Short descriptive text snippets
::::::

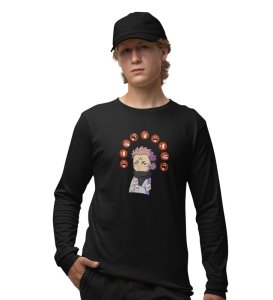 Nine Faced Itadori Cotton Black Printed Full Sleeves Tshirt For Mens and Boys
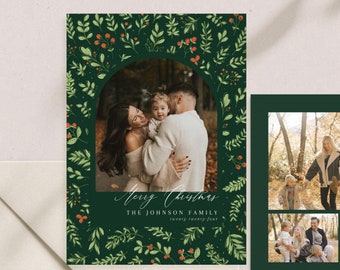 Photo Christmas Card Template, Merry Christmas Card, Festive Holiday Card, Botanical Christmas Card, Digital Christmas Cards Template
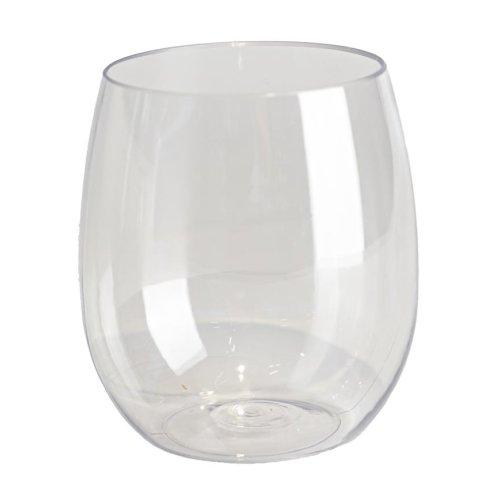 Catering Clear Plastic Stemless Wine Glass 350ml Pk/6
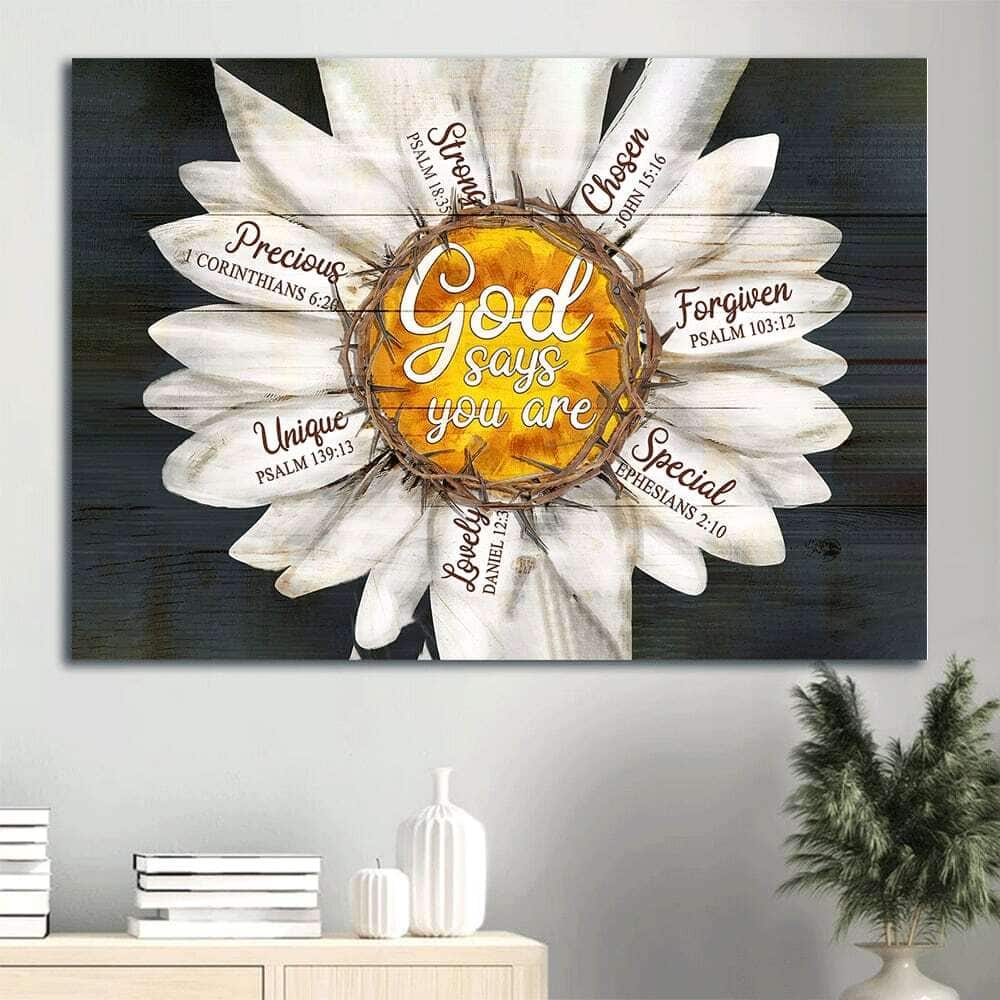 Christian God Says You Are Canvas Wall Art Daisy Flower Christian God Says You Are Canvas Wall Art Daisy Flower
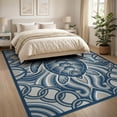 thumbnail image 3 of ODIKA 8'x10' Washable Area Rug Animals Marine Turtle Scattered Ocean Border Symmetrical Nautical for Living Room, Under Sectional, Family , Durable, Non-Slip, 3 of 7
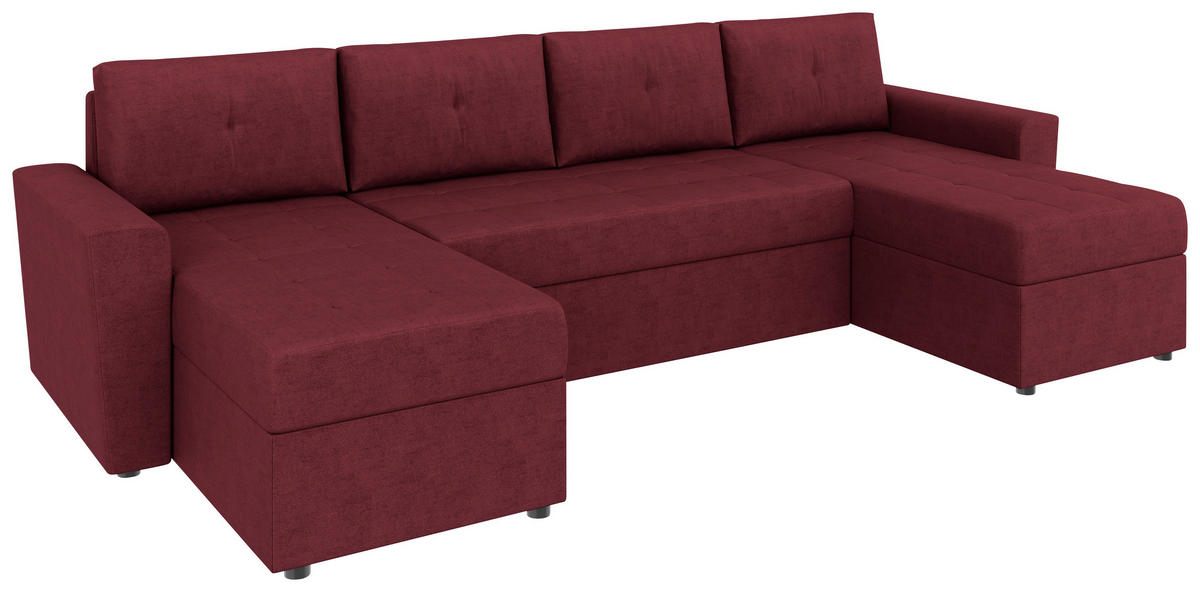 WOHNLANDSCHAFT TERMOLI Rot Jacquard  - Rot/Schwarz, Design, Kunststoff/Textil (155/296/155cm) - MID.YOU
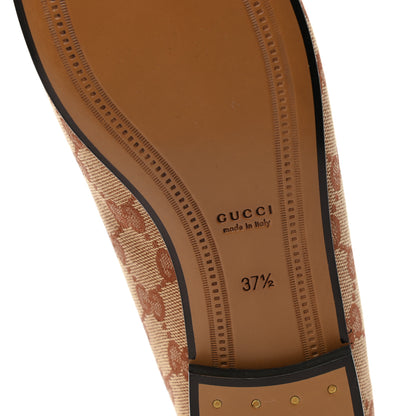 Gucci Canvas GG Monogram Horsebit Womens Jordaan Loafers 37.5 Beige Ruggine Rust 6 of 8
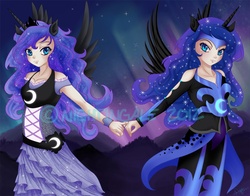 Size: 1050x825 | Tagged: safe, artist:nightingale5601, nightmare moon, princess luna, human, g4, duality, horn, horned humanization, humanized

::::::

**TRY IT**
Write out each entry exactly; any pictures stay out of the copy.

**ANSWER BOX**
 Nine Faced Itadori Cotton Black Printed Full Sleeves Tshirt For Mens and Boys
 Photo Christmas Card Template, Merry Christmas Card, Festive Holiday Card, Botanical Christmas Card, Digital Christmas Cards Template
 Catering Clear Plastic Stemless Wine Glass 350ml Pk/6
 Christian God Says You Are Canvas Wall Art Daisy Flower Christian God Says You Are Canvas Wall Art Daisy Flower
 thumbnail image 3 of ODIKA 8'x10' Washable Area Rug Animals Marine Turtle Scattered Ocean Border Symmetrical Nautical for Living Room, Under Sectional, Family , Durable, Non-Slip, 3 of 7
 WOHNLANDSCHAFT TERMOLI Rot Jacquard  - Rot/Schwarz, Design, Kunststoff/Textil (155/296/155cm) - MID.YOU
 Gucci Canvas GG Monogram Horsebit Womens Jordaan Loafers 37.5 Beige Ruggine Rust 6 of 8
 Size: 1050x825 | Tagged: safe, artist:nightingale5601, nightmare moon, princess luna, human, g4, duality, horn, horned humanization, humanized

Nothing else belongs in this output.